Intermittent Fasting and The Importance of Fasting
A way you may relate to your body’s fasting during your sleeping hours at night is the idea of intermittent fasting, which is gaining in popularity due to its effectiveness. Intermittent fasting, or “IF” allows you to digest any food left in your GI tract and clean yourself out. Intermittent fasting is gaining in popularity due to its effectiveness. It allows you to digest any food left in your GI tract and clean yourself out. It also uses the concept of not eating late at night and eating less at night And this is what all fasting–intermittent or longer–can do for you. By removing the partially digested food matter in your colon, you prevent it from turning toxic, seeping into your bloodstream, and systemically poisoning you.
So not eating very late at night and not waking in the middle of the night to grab a snack lets your body’s digestive system cleanse every night. Not eating late or night or during the times meant for sleeping then, isn’t a diet but part of your body’s natural eating and digestive pattern. It is part of what is described as a “circadian rhythm” – which is the natural, internal process that regulates the sleep-wake cycle.

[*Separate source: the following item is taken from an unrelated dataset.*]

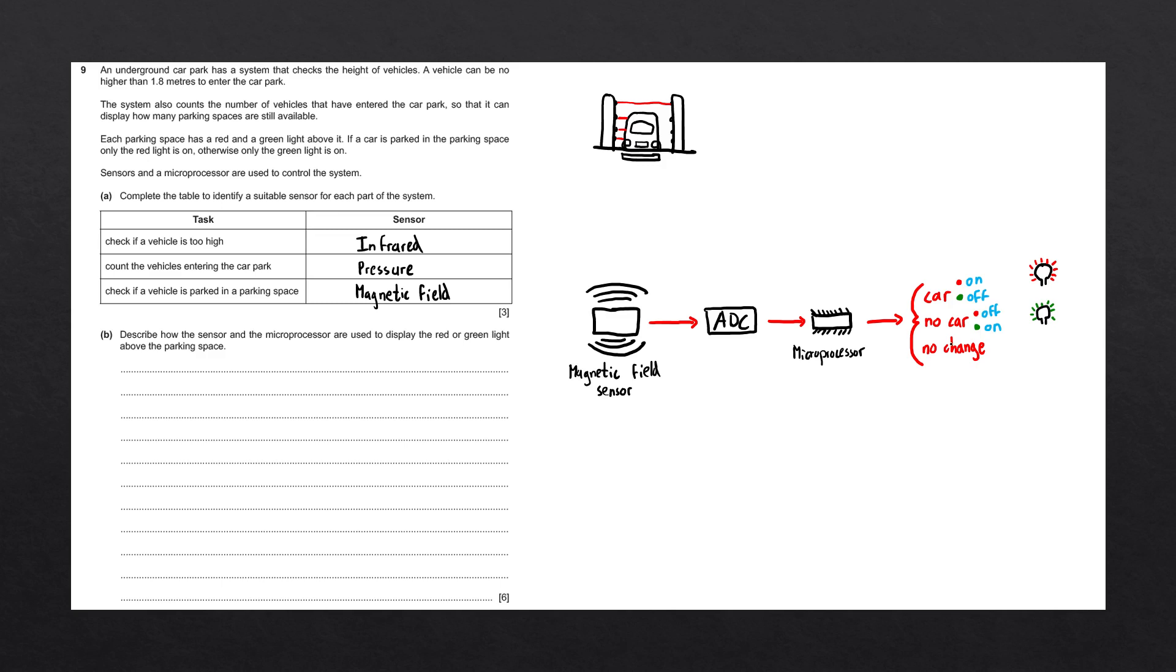If there is no change, then no action should happen. This process is continuous, meaning that it repeats over and over again, as this magnetic field sensor is always sending data to the microprocessor. Let's now go ahead and answer the question.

What Your Body Does When You Sleep
Another important aspect of not eating late and or not eating a snack in the middle of the night is that your body doesn’t have to work on having to digest. Actually, when you are sleeping at night your body has shut down and is for the most part in just idling. So your body is now more ready “to work on recovery, cell turnover, improving immune function and repairing and regenerating sore and damaged muscle tissue, ” according to Michael Ormsbee, director of the Institute of Sports Sciences & Medicine at Florida State University. If you do go for a late-night snack, then wait at least 8 hours before eating your first meal of the day. Waiting at least 8 hours after your last night’s meal before eating in the morning gives you this same opportunity your empty your stomach and furthers the digestion of any food you had eaten up to the night before. It shouldn’t be difficult, as you won’t be so hungry when you awaken.
Digestion and Sleep
Of course, eating too late and or too heavily at night–at a time when your digestive processes have slowed down, puts a much greater burden on your body to digest and interferes with your sleep. The importance of a good’s night sleep to your bodily processes and well-being is fundamental to good health. And if you workout, much of the muscle-building that occurs after you have worked out is during sleep.
Working Late and Eating
Eating less at night may become difficult to do if you routinely work late or are staying up late to do a project. As mentioned, your body is starting to slow down, preparing for sleep. When working late, some of the eating and digesting problems may be that you will more likely be eating when the digestion and other body functions are slowed down, you ate in a rush as you may need to get back to your work, you had too much coffee or other forms of caffeine to stay awake and simply didn’t move your body and burn energy much if you work at a desk job. Also, you need to focus and restrain yourself at work so after you finished with your job at night, you may feel like “cutting loose” by overeating.
To minimize these problems, try to create and stick to regular eating patterns. If you do snack, eat something healthy. Eat enough to tide you over to the next meal, but don’t make it a make replacement. You meals at work should be well-balanced as any healthy meal that you would eat.